Strong Bias Towards Call Options on the USD

The world’s premier online trading enterprises such as TradePlus have reported significant enthusiasm from traders with the upcoming rate hike. For starters, all major currency pairs featuring the USD have seen net long options being placed. Top pairs like the USD/CAD, USD/JPY and GBP/USD have all moved in favor of the greenback. Indeed, this is bolstered by a resurgent DXY (US dollar index) which measures the performance of the greenback against 6 global currencies. These include the JPY, EUR, CAD, GBP, CHF, and the SEK. The most heavily weighted currencies in the mix are the EUR, JPY, GBP and CAD. Volatility drives currency markets, and while the Fed rate hike is a virtual certainty there is still significant upside momentum. This is due to the Trump phenomenon.

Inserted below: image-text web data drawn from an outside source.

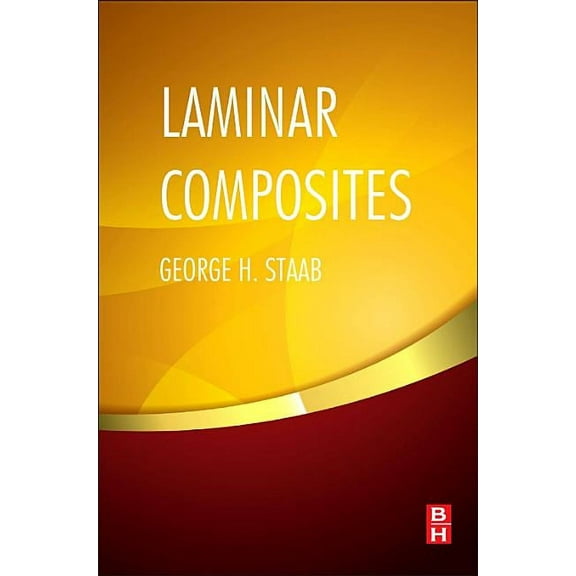 Laminar Composites, (Hardcover)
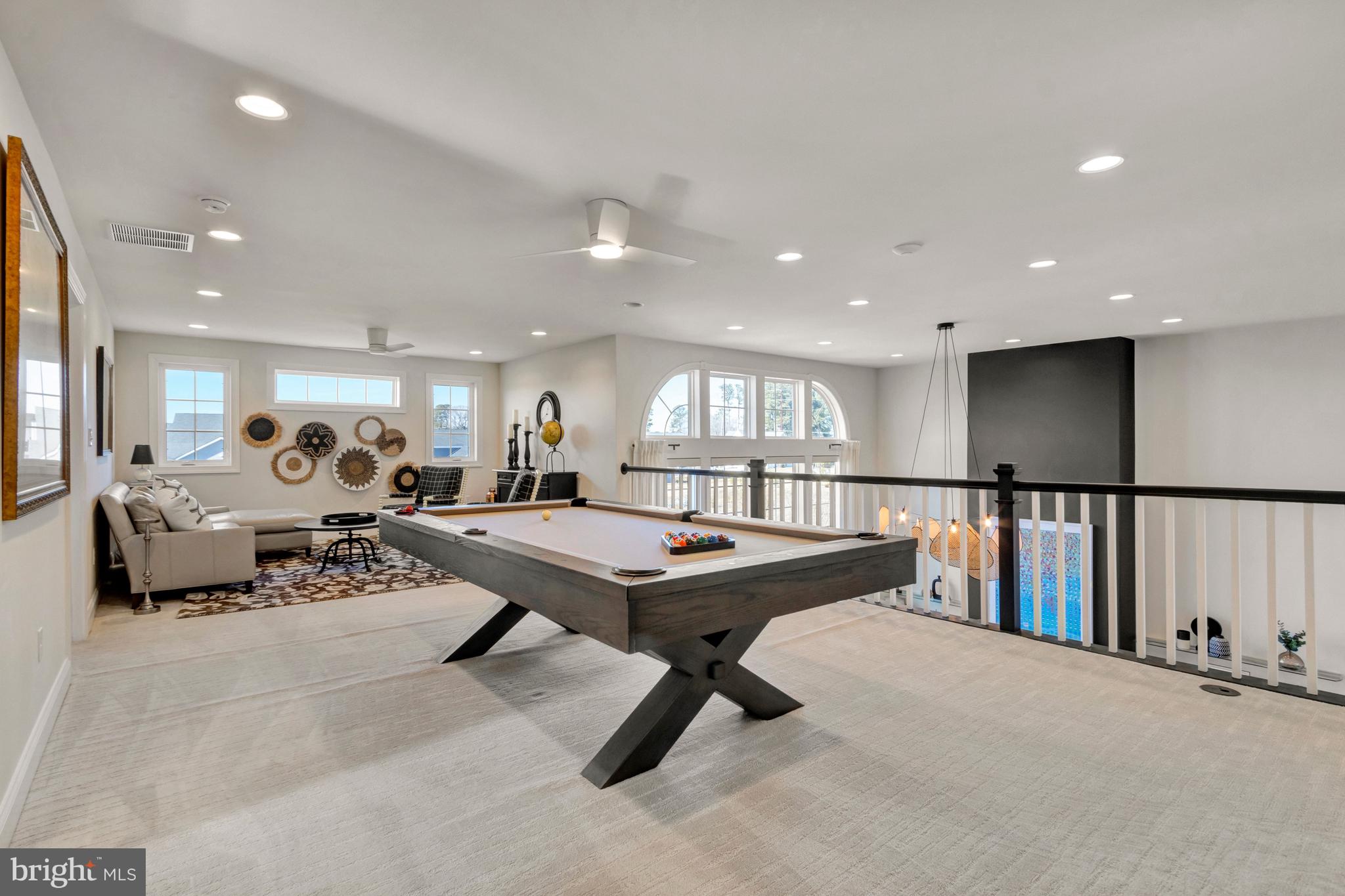 WALDEN - Residential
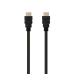 Cable HDMI Ewent EC1325 Negro 10 m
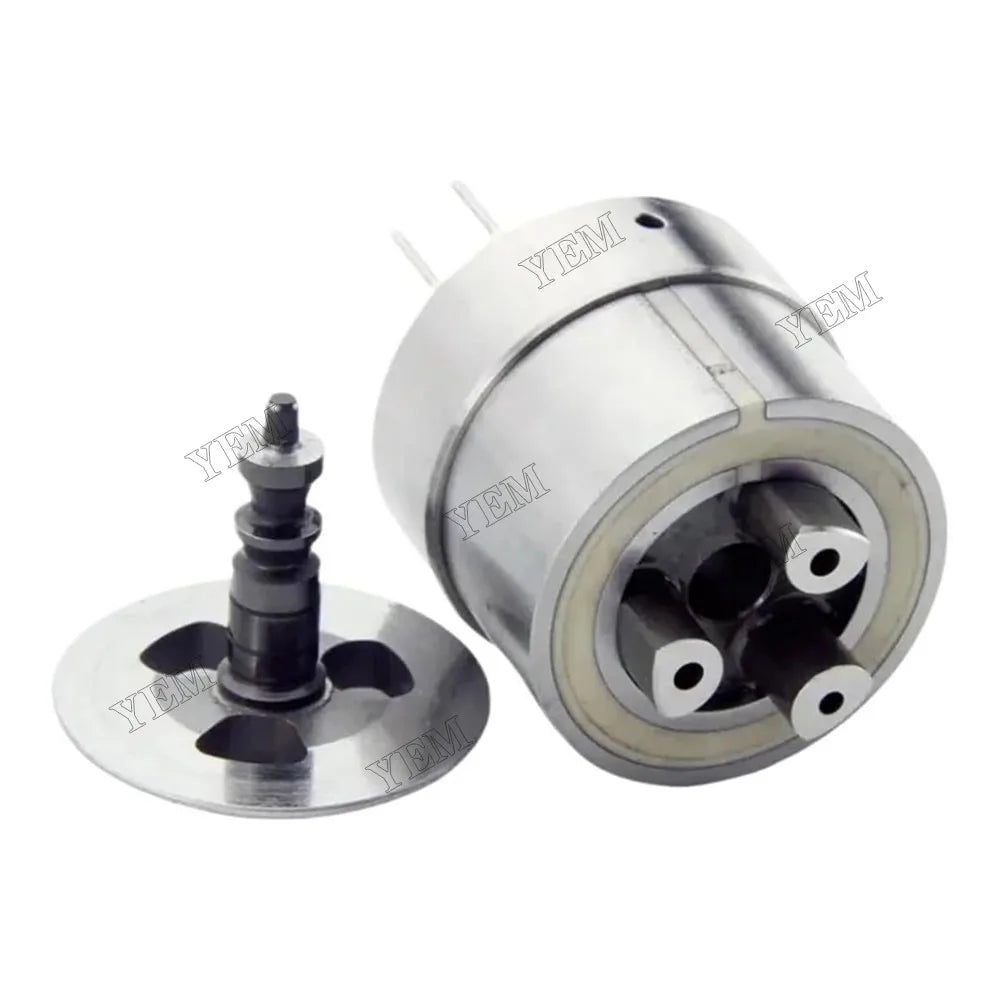 For Volvo Injector Delphi E1 Seies Control Valve Actuator Kit 7206-0379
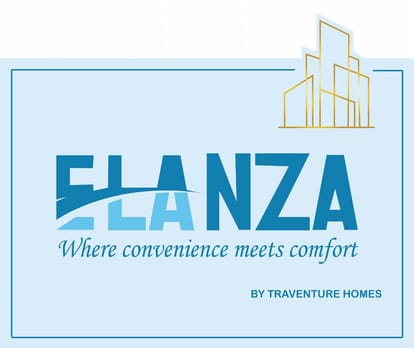 Traventure Elanza Brochure Image 1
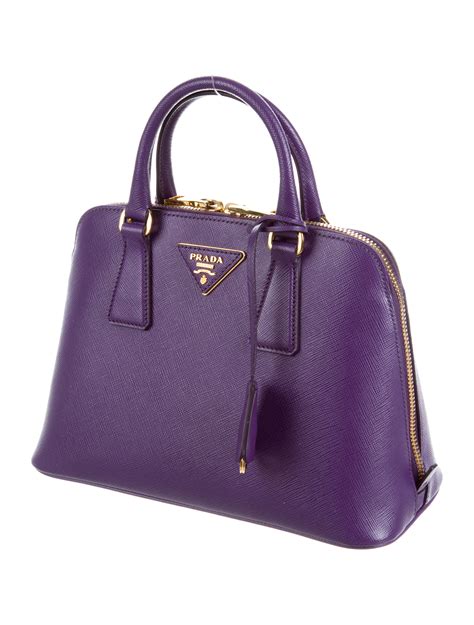 women prada hand bag|Prada handbags under 1000.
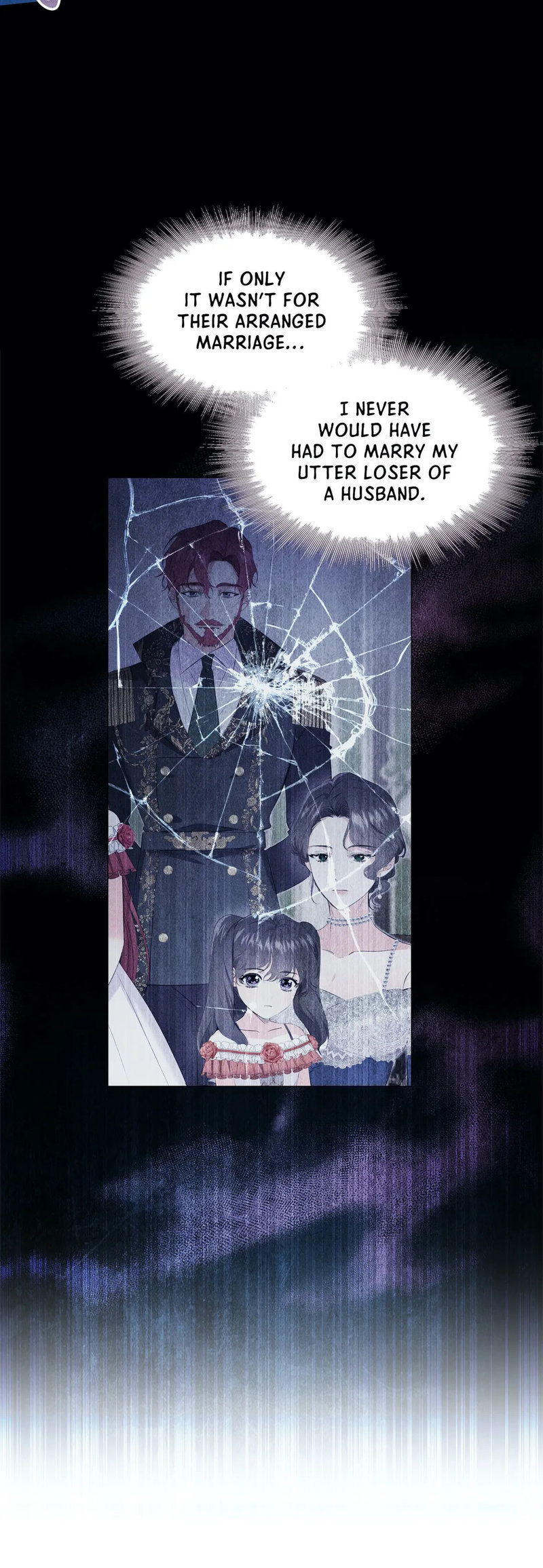 Depths of Malice - Chapter 45 [photo 22] - MangaPorn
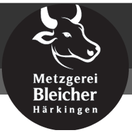 Metzgerei Bleicher Tel. 062 388 99 88
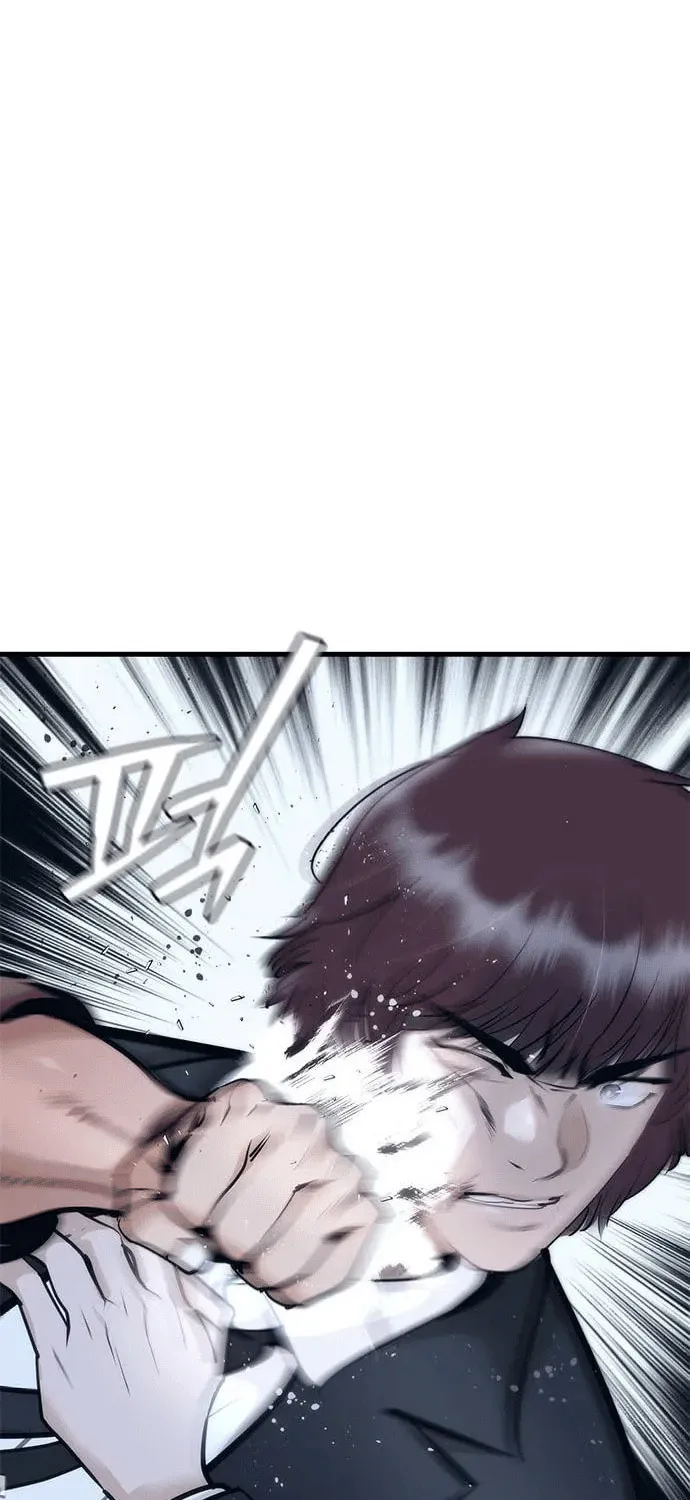 Read Perfect Suit chapter 1 image 215 on Lezhin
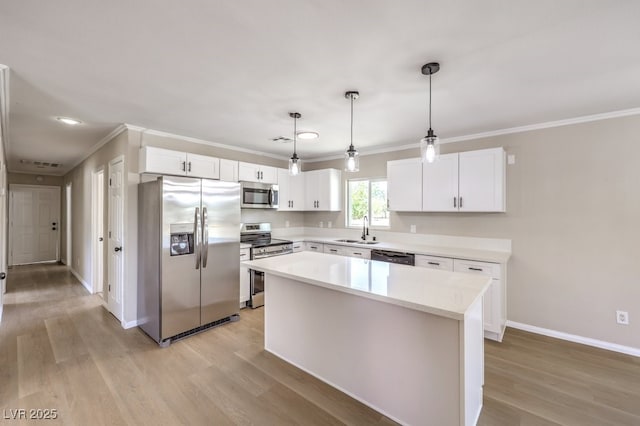 2700 W Prospector Ln, Pahrump, NV 89048 - photo 5
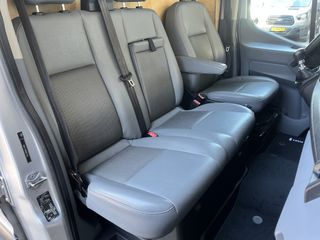 Voertuigafbeelding 36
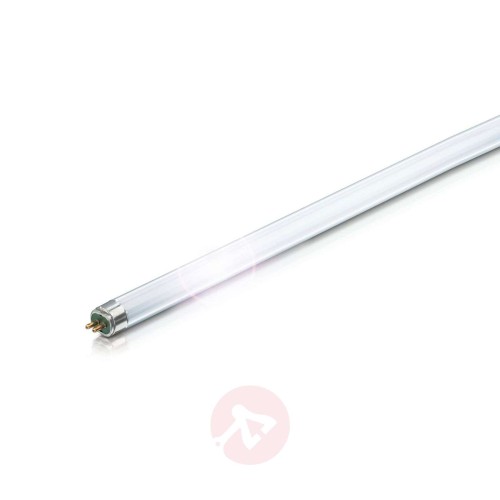 ae275ac802b9cc4453adca14bd829dd2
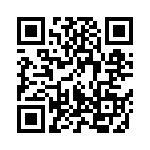 950512-5002-AR QRCode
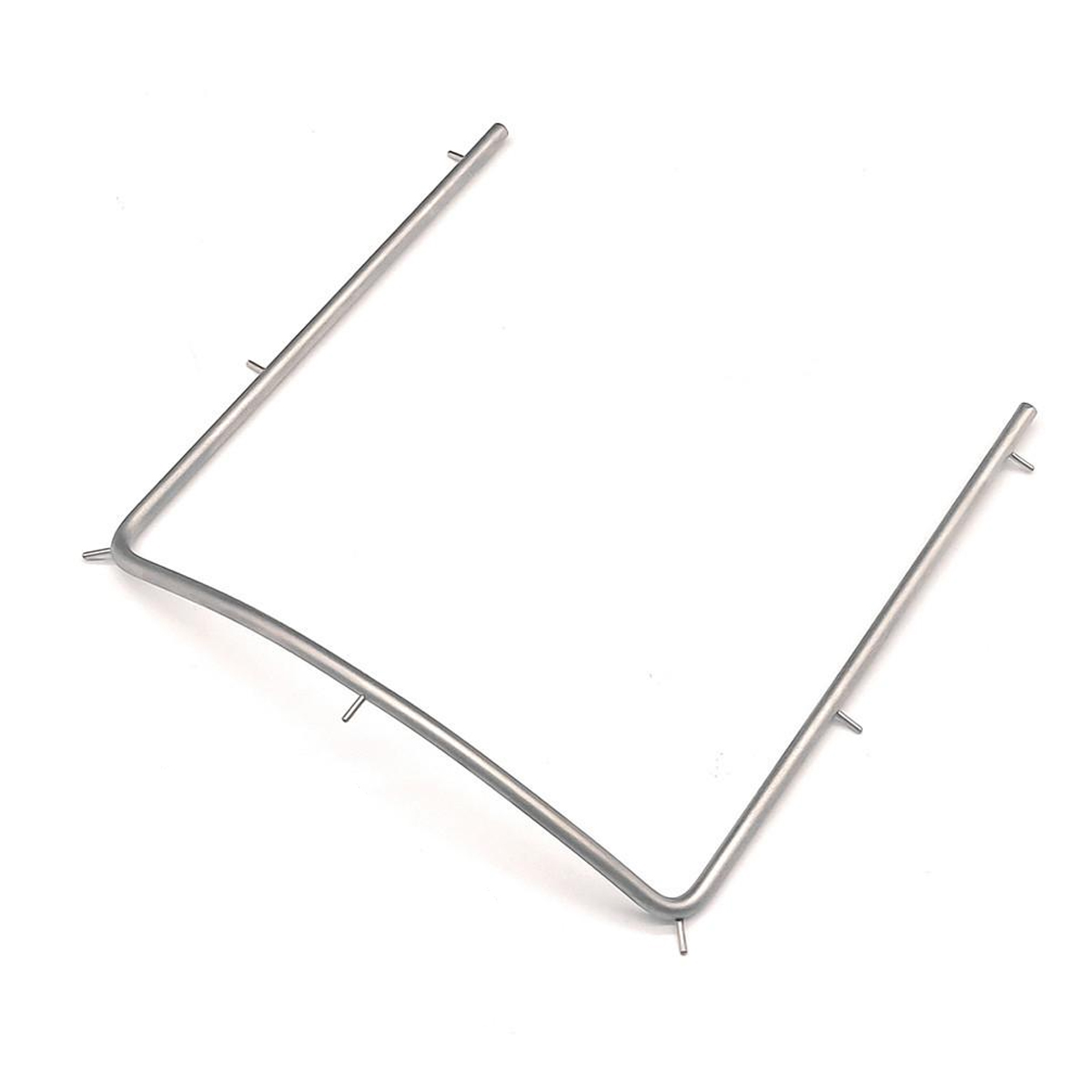 GDC Rubber Dam Frame Large (Rdaf6)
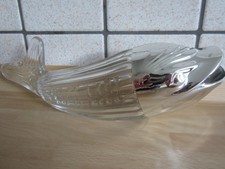 Nuss wal erdnussspender gebraucht kaufen Nuss wal erdnussspender gebraucht kaufen  Schorndorf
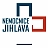 Nemocnice Jihlava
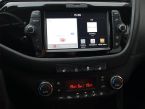 Kia Cee'd - fotka číslo 11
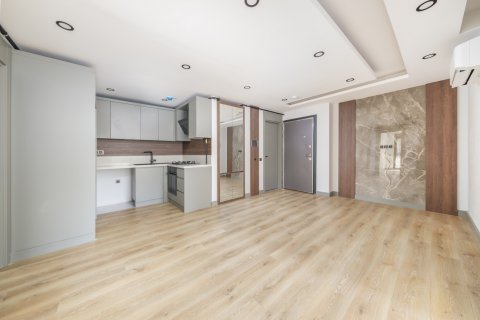 Lejlighed i Antalya, Tyrkiet Nr. 211211 - 2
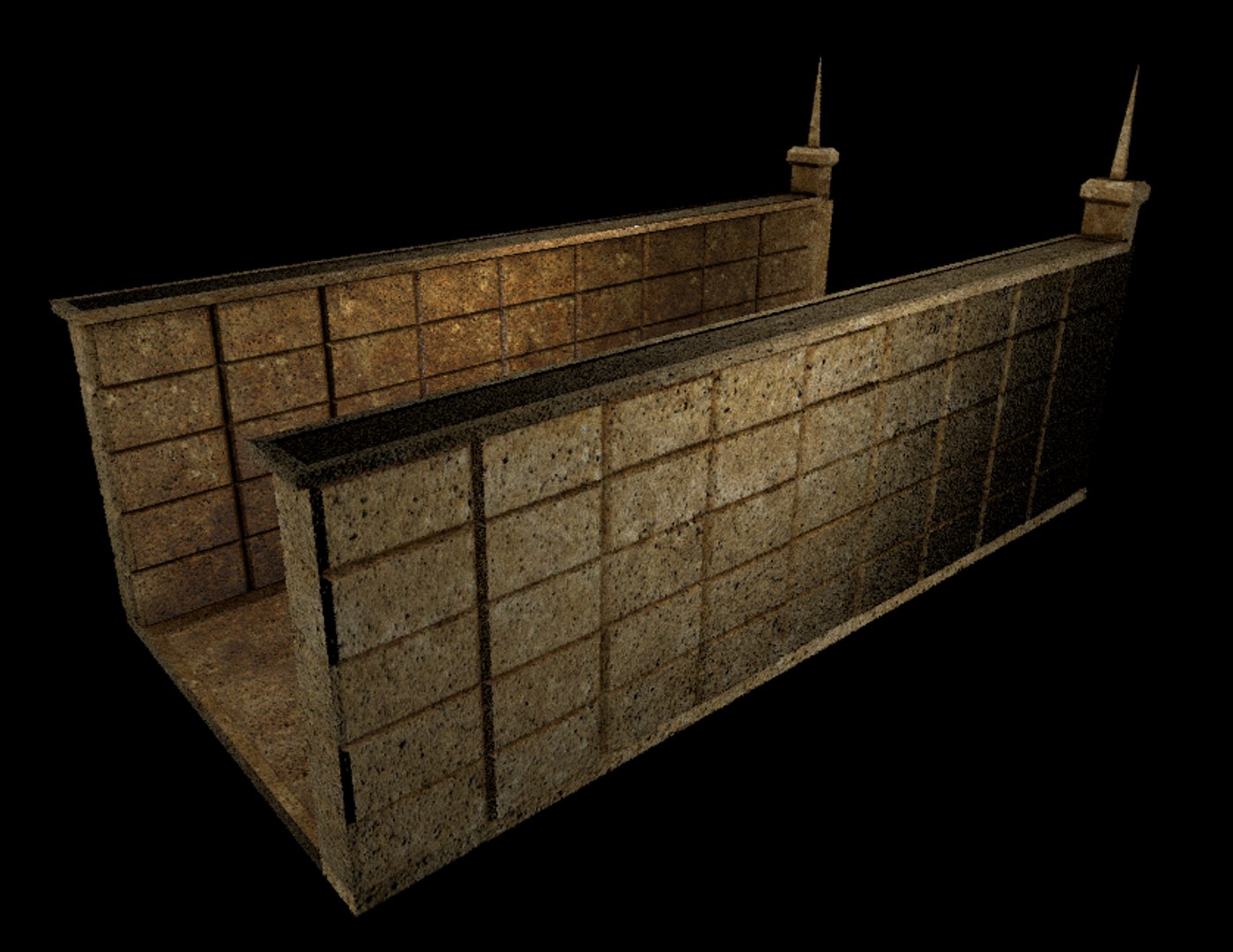 ruins 3d model https://p.turbosquid.com/ts-thumb/9q/mpB48a/OVYrFM67/ruins_2th4/png/1425255254/1920x1080/fit_q87/7176b73771a1661f3ffbaf0cfb7a604d636f5203/ruins_2th4.jpg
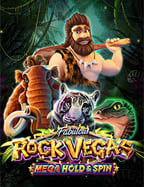 เคล็ดลับทางเข้าเล่น UFABET สำหรับนักปั่นสล็อตมือโปร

Wall Street Bulls Are Charging

President-elect Trump has promised to drain the swamp and inject massive fiscal stimulus into the US economy. We have already seen incredible momentum on Wall Street with the Dow Jones Industrial Average rallying to record levels. At over 19,000, many traders and investors are scratching their heads, wondering how much higher equities markets can rally. Likewise, the S&P 500 index and the NASDAQ composite index are also testing new highs. The significance of a rate hike cannot be discounted. For starters, higher interest rates from the Fed filter through to Wall Street and Main Street almost immediately. Since banks charge higher rates of interest on money that they lend out, banks will be profiting from the Fed. We can expect all the big US banks such as Bank of America, Citibank, JP Morgan, Wells Fargo & Company, Goldman Sachs, and others to see a sharp spike in their share prices in 2017. Binary options traders are not missing a trick either. Call options on banking and financial stocks are a safe bet in the present economy.

What about Commodities?

There is a strong correlation between interest rates and commodities like gold, silver, and crude oil. For starters, all dollar-denominated commodities will be affected by a stronger USD. Gold typically reacts negatively to a stronger greenback which is brought about by rising interest rates. However, studies have shown that gold demand will not necessarily decline if interest rates rise. We do know however that equities markets tend to fare poorly with higher interest rates. The reason for this is that many of these listed companies have loans with banks and higher interest rates mean that their debt obligations will increase. Unless these companies pass on these costs to consumers, their profitability will decline.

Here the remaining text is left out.